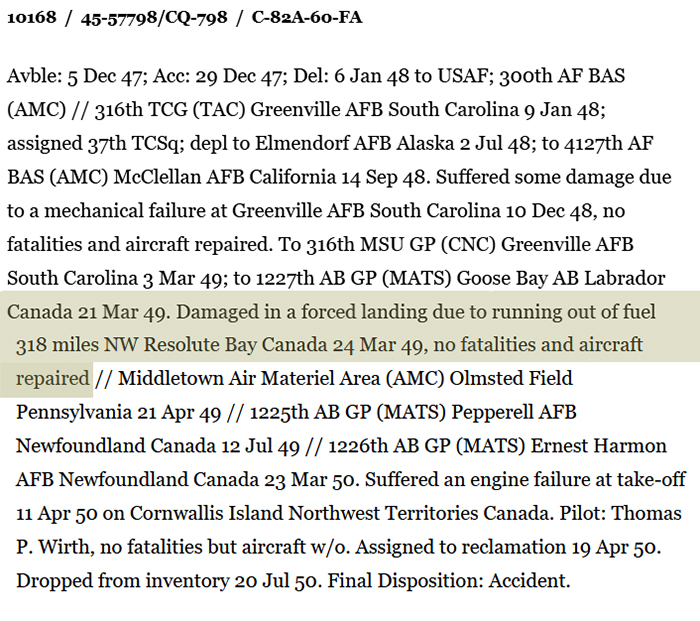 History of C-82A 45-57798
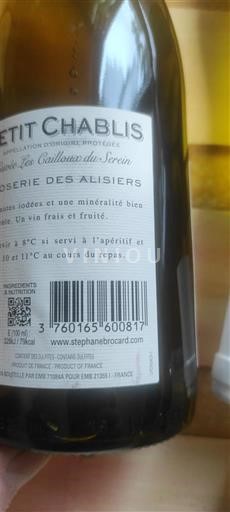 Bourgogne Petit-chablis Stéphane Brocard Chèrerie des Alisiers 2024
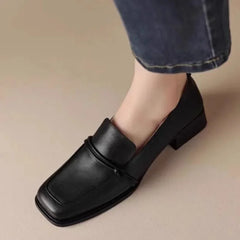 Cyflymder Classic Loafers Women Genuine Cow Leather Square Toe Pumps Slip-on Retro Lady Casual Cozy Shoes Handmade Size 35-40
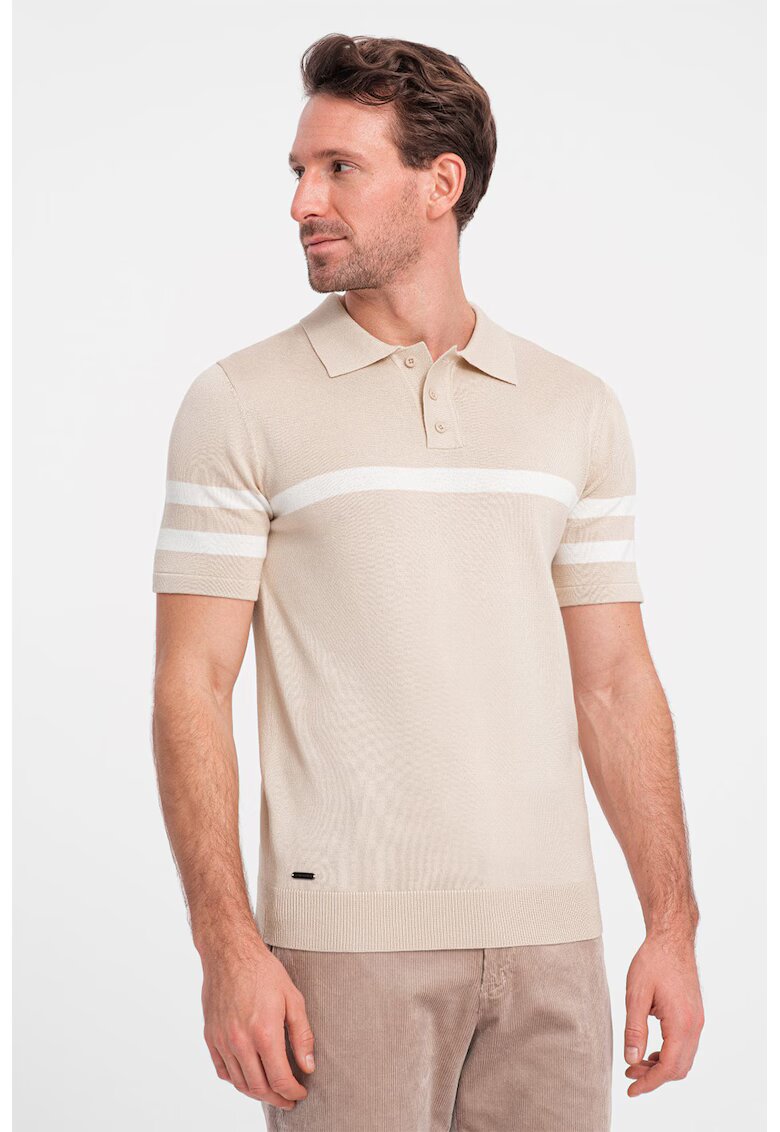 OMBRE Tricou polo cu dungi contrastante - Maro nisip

...

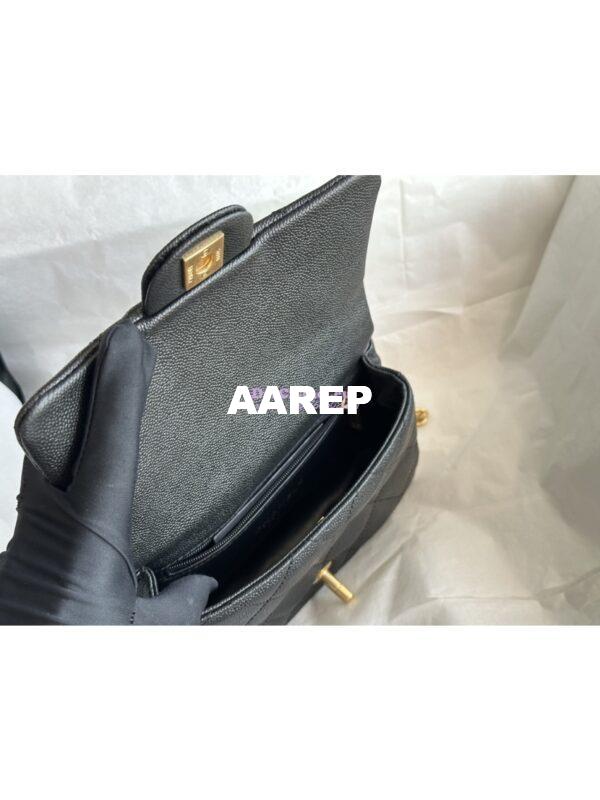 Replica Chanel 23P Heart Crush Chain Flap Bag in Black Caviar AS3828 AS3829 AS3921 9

**Problem statement:**
Within the listing above, copy exactly the lines that start at the one with "History of C-82A 45-57798" and continue through the one with "OMBRE Tricou polo". Omit pictures.

**Exercise result:**
 History of C-82A 45-57798
 Bourgogne Petit-chablis Stéphane Brocard Chèrerie des Alisiers 2024
 Cyflymder Classic Loafers Women Genuine Cow Leather Square Toe Pumps Slip-on Retro Lady Casual Cozy Shoes Handmade Size 35-40
 OMBRE Tricou polo cu dungi contrastante - Maro nisip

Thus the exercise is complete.